Vos recherches semblent se concentrer particulièrement sur les «années de plomb» au Maroc. Pouvez-vous nous en expliquer les raisons et pourquoi vous pensez que cette période a une valeur historique importante ?
Cette période a pour moi une valeur à la fois académique et personnelle. Sur le plan académique, nous ne pouvons pas vraiment comprendre le Maroc contemporain sans examiner la manière dont l’Etat postcolonial a réprimé l’opposition, sur les plans politique et intellectuel. Cela a peut-être fonctionné pour des objectifs à court terme, mais quelles ont été les conséquences négatives pour l’Etat lui-même ? Quel potentiel a été perdu à cause des «années de plomb» ? Qu’a été l’impact sur l’économie et l’éducation ? Sur le sentiment d’identité du peuple marocain ? Ce sont des questions profondes qui ont motivé mes recherches à ce sujet. C’est une période fascinante de l’Histoire. La façon dont elle s’est déroulée a eu un impact sur nous tous, de différentes manières.
Sur le plan personnel, j’ai grandi à Ouarzazate. J’ai appris plus tard que certains de mes professeurs avaient été victimes de la répression politique. J’ai sur aussi, comme tous les Marocains, que Ouarzazate était le gouvernorat des prisons par excellence des années 1970 à la fin des années 1980. D’Agdz à Tagounit, en passant par Tamaddakht et Skoura, et même Tazmamart, Ouarzazate était jonchée de centres de détention secrètes. C’est donc choquant d’apprendre l’existence de ces lieux et et leur proximité avec des repères spatiaux de mon enfance.

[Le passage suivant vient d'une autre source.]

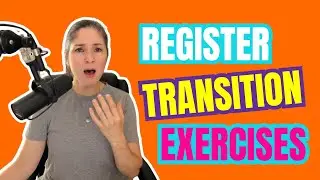More Exercises for Vocal Register Transitions (all voice types)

Pour moi, le principal enseignement est que tout le monde s’en portera mieux, si nous tirons les leçons des excès ayant accompagné cette période, pour consolider l’Etat de droit et la protection de la dignité humaine. Les histoires traumatisantes quittent le milieu universitaire pour s’infiltrer dans la société, car leurs récits éclairent les politiques et contribuent à instaurer une relation différente entre l’Etat et les citoyens. C’était du moins la promesse du rapport de l’Instance équité et réconciliation (IER) et de ses recommandations.
Comment la compréhension des «années de plomb» a-t-elle impacté la politique et la société marocaines contemporaines ?
La création de l’IER par le roi a été la plus haute reconnaissance de la nécessité de résoudre l’héritage des «années de plomb» pour permettre au Maroc d’aller de l’avant. L’IER a été un pas vers la réconciliation avec le passé. Le rapport à ce sujet fournit une projection vers un Maroc démocratique. Ce document a eu un effet de catalyseur sur les débats concernant les droits humains, l’Etat de droit et la relation entre l’Etat et les citoyens.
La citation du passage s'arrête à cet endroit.